Auf die Frage, warum er derartiges in Istanbul befürchtet habe, wo er bis zu seiner Ausreise keine Probleme gehabt habe, gab der Beschwerdeführer an, ihm sei bewußt geworden, daß er nicht in sein Dorf zurück könne und er habe deshalb "Angst gehabt, auch wenn diese Angst unbegründet erscheine". Er habe bereits vor seiner Festnahme in seinem Heimatdorf eine Einladung von seinem in Österreich ansässigen Bruder erhalten und sich dann gedacht, "daß ihm ein Österreichaufenthalt gut täte". Auf die Frage, warum er erst am 21. Dezember 1994 einen Asylantrag gestellt habe, gab der Beschwerdeführer an, er habe ursprünglich nicht für längere Zeit in Österreich bleiben wollen. Er habe aber von seiner Frau erfahren, daß sein Heimatdorf niedergebrannt worden sei. Diese habe von seinen Eltern, die nach wie vor in einem Dorf in Erzincan lebten, telefonisch erfahren, daß sich die Gendarmerie nach seinem Aufenthalt erkundigt hätte. Daraufhin habe er sich entschlossen, einen Asylantrag in Österreich zu stellen.

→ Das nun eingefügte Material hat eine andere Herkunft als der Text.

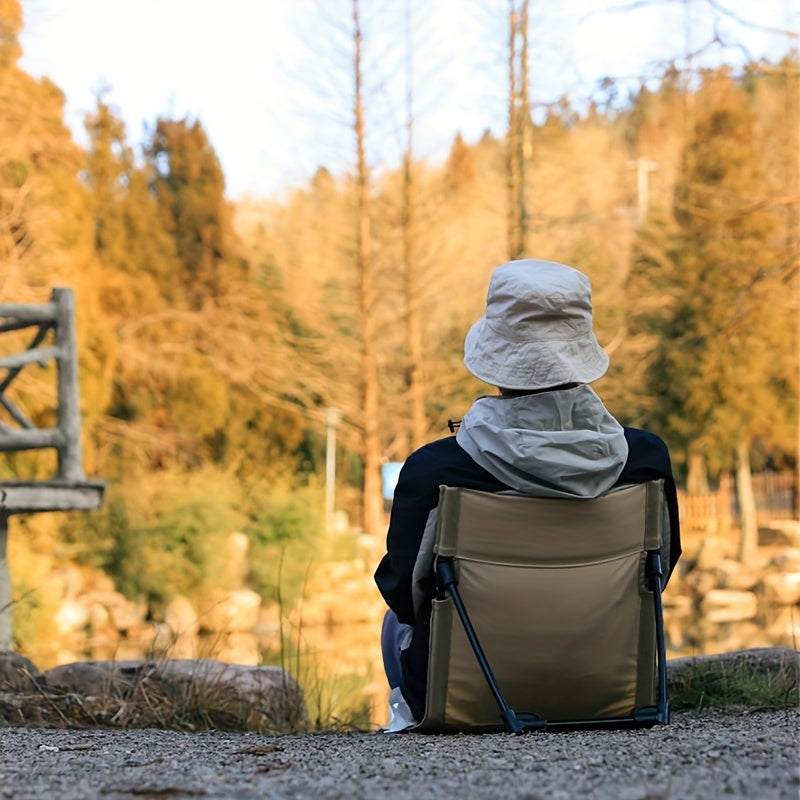 Ultra-Light Folding Chair For Camping, Beach, And Road Trips - Durable Aluminum Alloy, Portable And Comfortable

Mit dem im Instanzenzug gemäß § 66 Abs. 4 AVG erlassenen angefochtenen Bescheid des Bundesministers für Inneres vom 6. März 1995 wurde die gegen den abweislichen Bescheid des Bundesasylamtes vom 25. Jänner 1995 erhobene Berufung des Beschwerdeführers abgewiesen und damit die Asylgewährung versagt.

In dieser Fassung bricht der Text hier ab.